Under federal law, the prejudice prong of the Brady analysis turns on whether a reasonable probability exists that disclosure of the evidence at issue would have altered the result of the proceeding. See, e.g., McCambridge, 303 F.3d at 37. We have previously held that the Massachusetts prejudice standard is more favorable to defendants than its federal counterpart under Brady. See, e.g., Healy v. Spencer, 453 F.3d 21, 25 (1st Cir.2006) (noting the Supreme Judicial Court of Massachusetts's use of what that court "has characterized as its more defendant-friendly state standard for prejudice") (citing Commonwealth v. Healy, 438 Mass. 672, 783 N.E.2d 428, 435 (2003)).
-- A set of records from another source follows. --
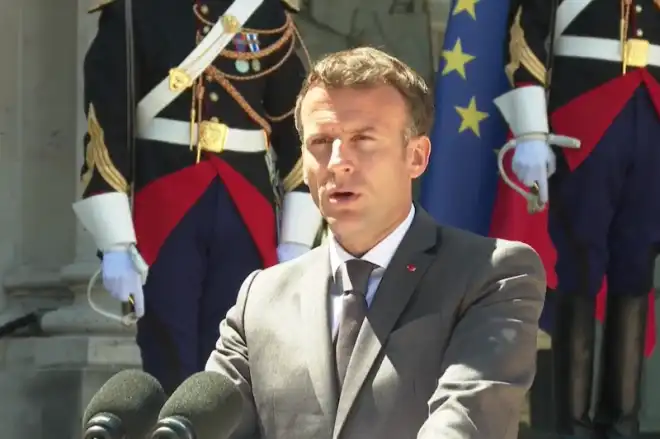 Մաքրոն. Ատրպէյճան պէտք է դուրս բերէ իր զօրքերը Հայաստանէն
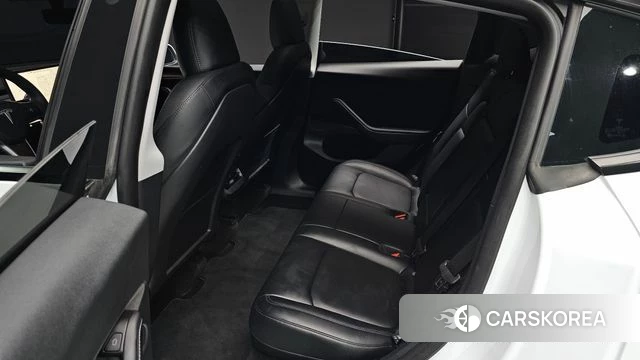 Tesla Model Y 2024 Белый из Кореи, фото 3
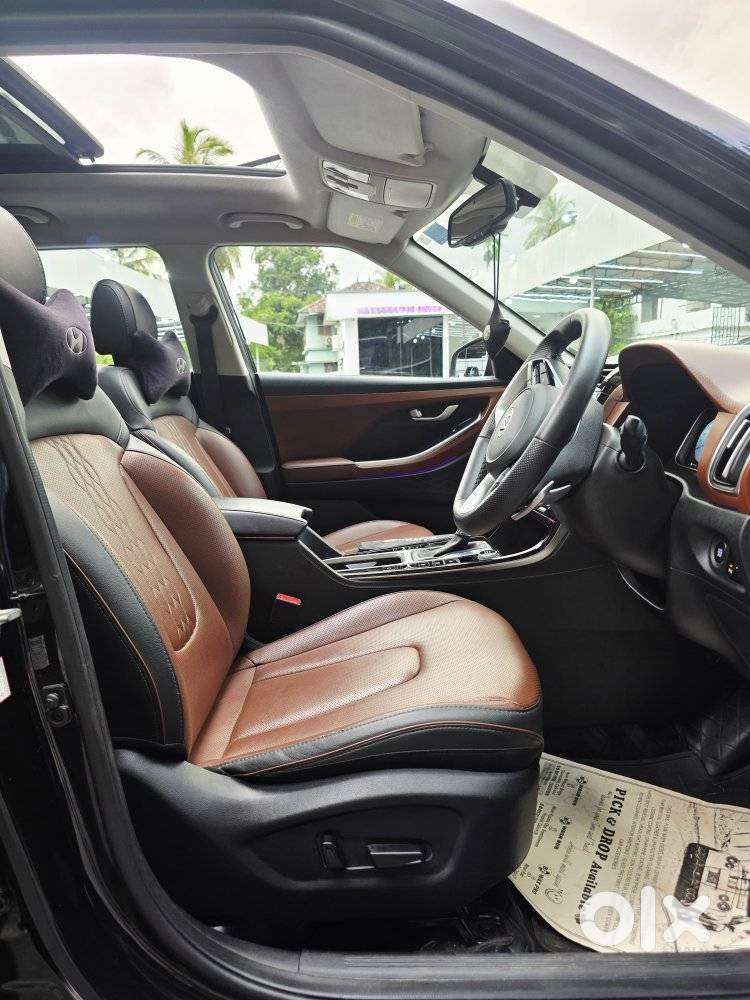 Hyundai Alcazar 2.0 Signature (o) Petrol At 7 Str, 2022, Petrol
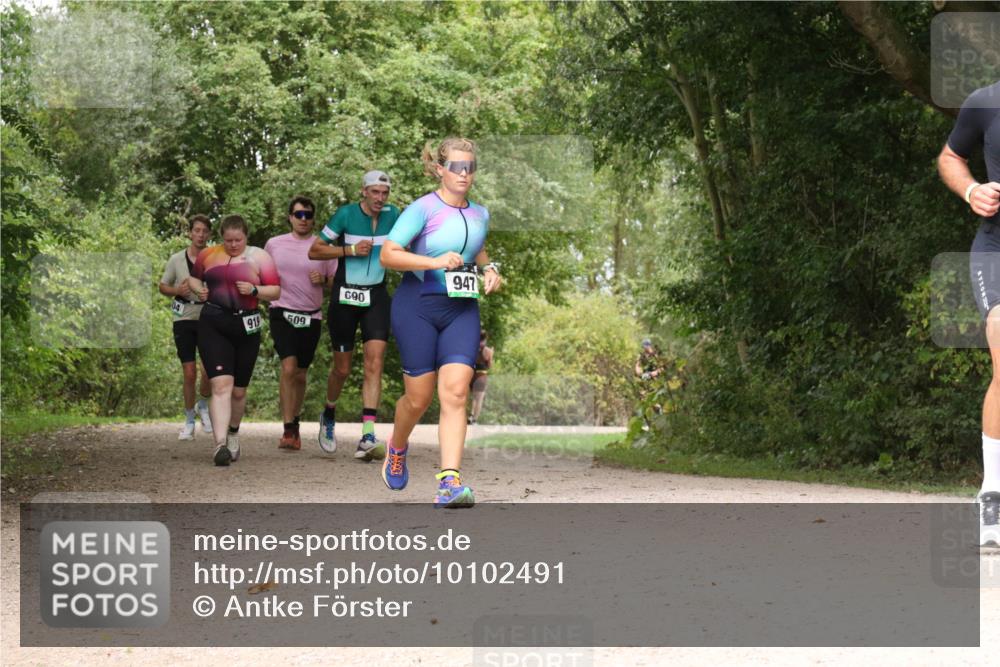30.08.2026 - Elbe Triathlon Hamburg Antke Förster http://msf.ph/oto/10102491 30.08.2026 11:30:04 Laufen 919, 509, 690, 947 meine-sportfotos.de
Although short on citation, the state court's holding squarely addressed the merits either of a possible state constitutional claim, which encompassed any federal claim, or of petitioner's federal Brady claim directly, or both. The trial court judge plainly stated that the evidence at the heart of petitioner's claim could not have prejudiced him at trial, as the prior bad acts that it purported to prove "never would have been admissible at any stage" of petitioner's proceedings, and that "even if they were [admissible], these prior bad acts ... were so remote in time to defendants [sic] prosecution, that they would carry no evidentiary weight." Finally, the state judge's to-the-point closing line spoke directly to the issue of prejudice, holding that "the newly discovered information could not possibly have affected the outcome of the case." That articulation covers either petitioner's Brady claim, an understanding of the claim phrased in terms of state law, or both. There is no other possibility.

In these circumstances, it would elevate form over substance to impose some sort of requirement that busy state judges provide case citations to federal law (or corresponding state law) before federal courts will give deference to state court reasoning. Such formalism would be contrary to the congressional intent expressed in AEDPA.
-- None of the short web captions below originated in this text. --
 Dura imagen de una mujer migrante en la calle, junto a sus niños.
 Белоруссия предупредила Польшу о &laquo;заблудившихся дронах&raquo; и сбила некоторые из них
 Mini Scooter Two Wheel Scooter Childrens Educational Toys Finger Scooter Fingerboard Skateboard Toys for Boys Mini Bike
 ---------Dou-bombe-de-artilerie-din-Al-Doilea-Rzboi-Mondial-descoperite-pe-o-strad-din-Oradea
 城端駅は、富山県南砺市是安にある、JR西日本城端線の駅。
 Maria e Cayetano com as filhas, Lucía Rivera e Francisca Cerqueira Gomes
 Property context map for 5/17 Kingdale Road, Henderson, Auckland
The Supreme Court faced a similar issue in Early v. Packer, 537 U.S. 3, 123 S.Ct. 362, 154 L.Ed.2d 263 (2002) (per curiam), in which it reversed the Ninth Circuit for imposing a rule that a state court decision that failed to cite to the relevant Supreme Court or other federal precedent was necessarily contrary to clearly established federal law. The Court held that "[a]voiding th[is] pitfall[ ] does not require citation of our cases—indeed, it does not even require awareness of our cases, so long as neither the reasoning nor the result of the state-court decision contradicts them." Id. at 8, 123 S.Ct. 362; see also Knight v. Spencer, 447 F.3d 6, 12 (1st Cir.2006). While ...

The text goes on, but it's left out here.